Excellent work mate, didn't look too bad to begin with, but looked stunning at the end, nice :thumb:


----------



## Leemack (Mar 6, 2009)

Nice work Scott - Lovely job pal


----------



## Brisa (Aug 9, 2006)

loving the car, nice turnaround!


----------



## black v6 (Apr 27, 2011)

:thumb::cracking job mate first class as all your work is...


----------



## Mr Face (Jan 22, 2009)

very nice indeed :thumb: (& the car )


----------



## Beau Technique (Jun 21, 2010)

B&B Autostyle said:


> Interesting stuff Scott.
> 
> Nice and busy as usual! Quality finish as always.


Cheers mate.



Refined Detail said:


> Not heard of that version before. Stunning cars as standard, that looks even better.
> 
> Cracking work as ever boss.


Ta Rich. I hadnt heard of one until I took booking on this. Just a few nice little extra's make it a bit more special.



badman1972 said:


> Excellent work mate, didn't look too bad to begin with, but looked stunning at the end, nice :thumb:


A lot dont usually but all need some level of pampering.
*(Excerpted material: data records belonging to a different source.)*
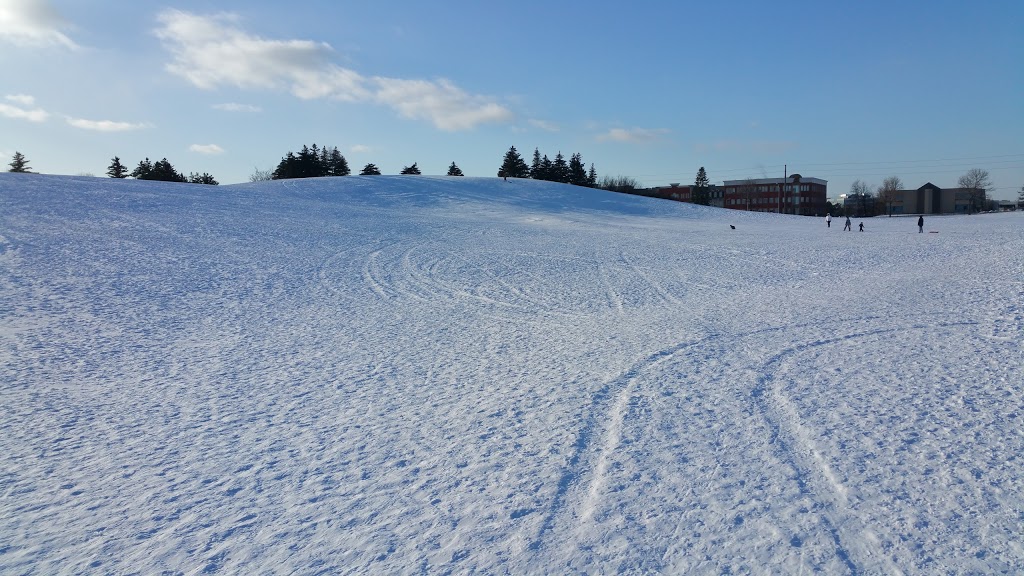 Centennial Park Tobogganing Hill | Centennial Park, Toronto, ON M9C 5K6, Canada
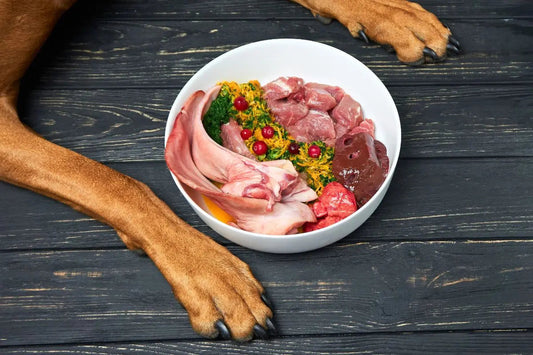 Can-My-Dog-Eat-Raw-Meat-part-1 darwinspet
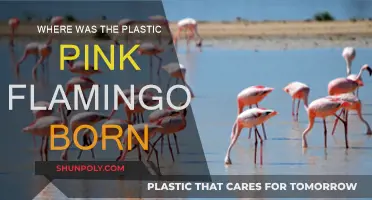 The Birthplace of the Plastic Pink Flamingo
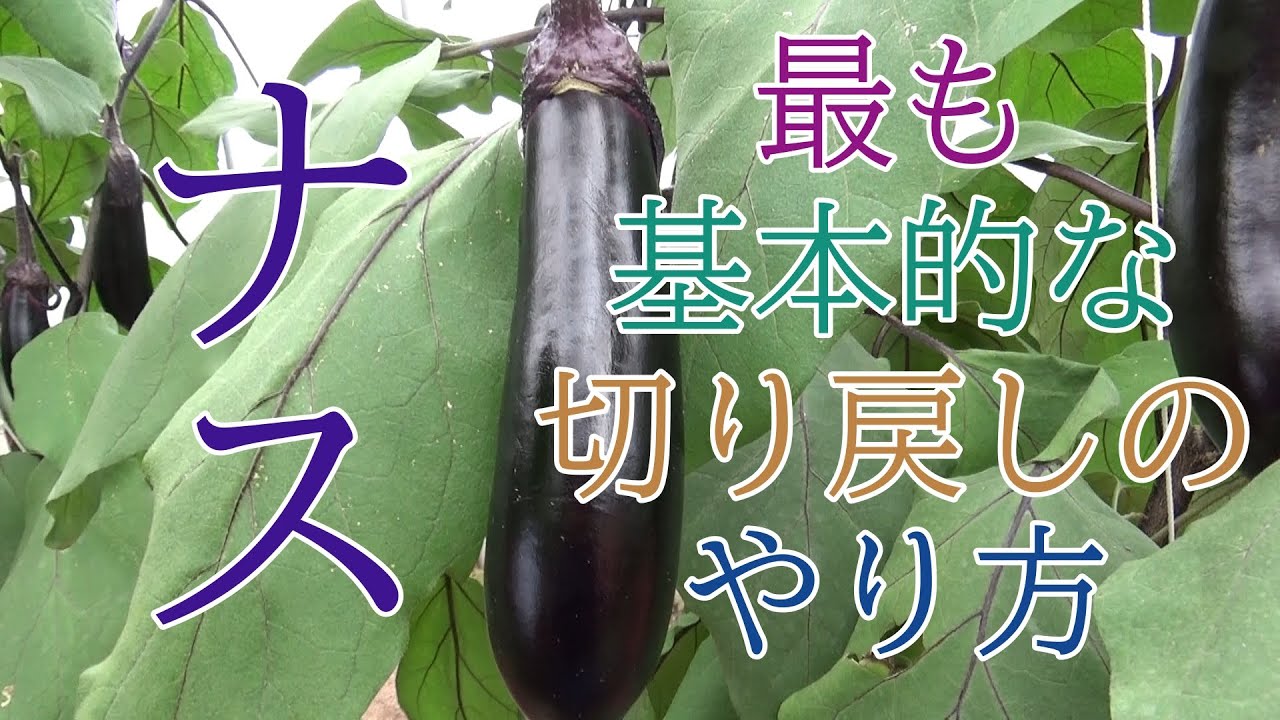 ナス、最も基本的な切り戻しのやり方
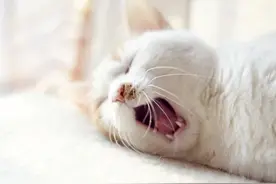 关于猫冠状病毒你不可不知道的几件事图片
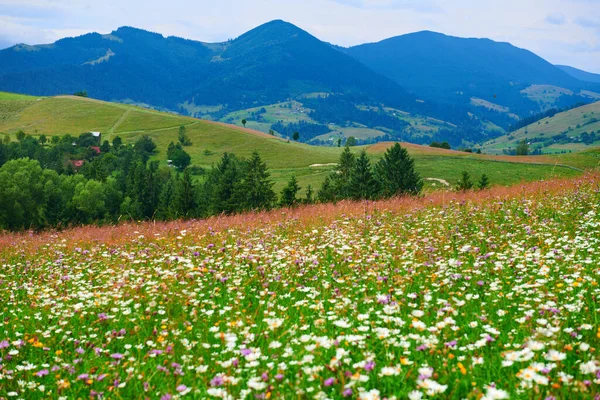 Natur Sommerlandschaft Den Karpaten Wildblumen Und Wiesen Fichten Auf Hügeln — Stockfoto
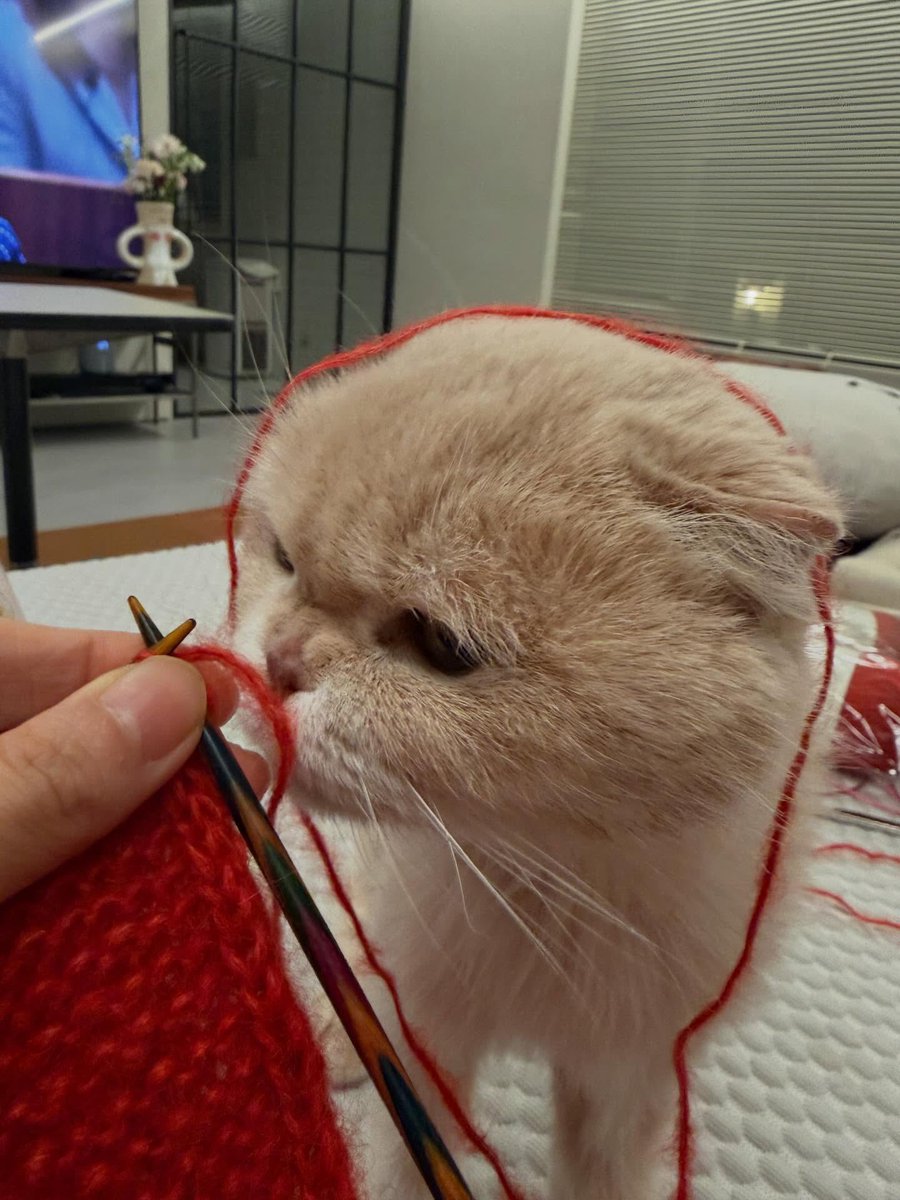 껌딱지 귀요미🐾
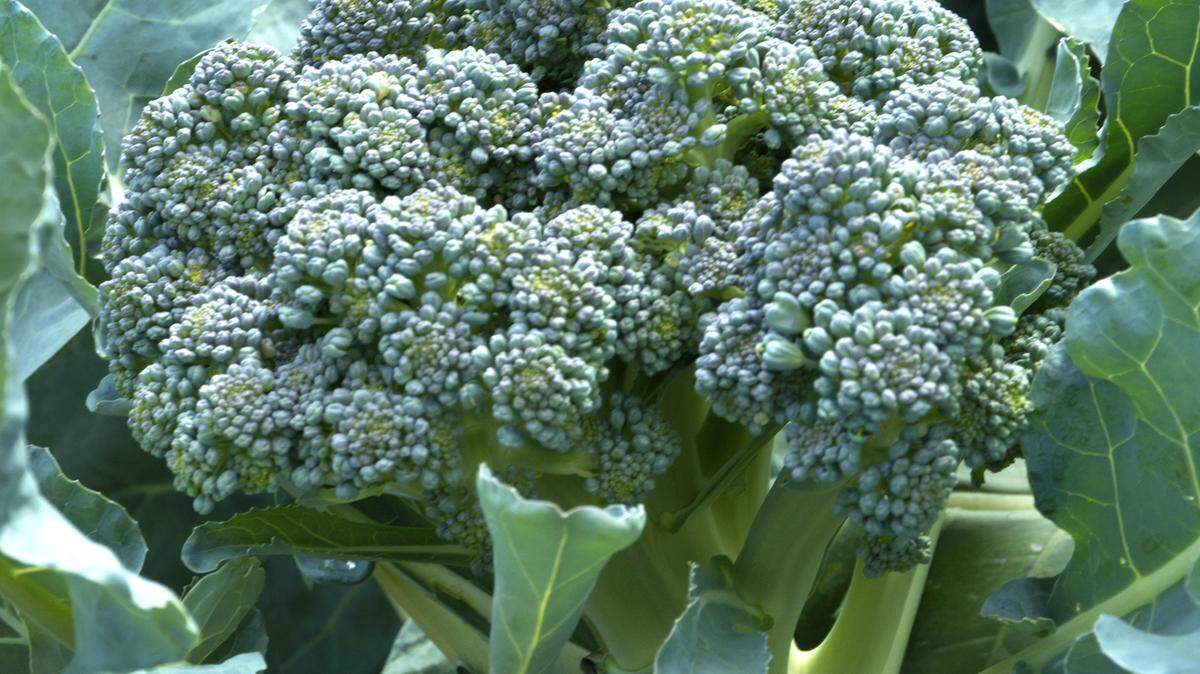 Plant broccoli transplants by mid-February.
Cheers.:thumb:



Showshine said:


> Nice work Scott - Lovely job pal





Brisa said:


> loving the car, nice turnaround!





black v6 said:


> :thumb::cracking job mate first class as all your work is...





Mr Face said:


> very nice indeed :thumb: (& the car )


Thanks a lot for all the positive comments folks.:thumb:


----------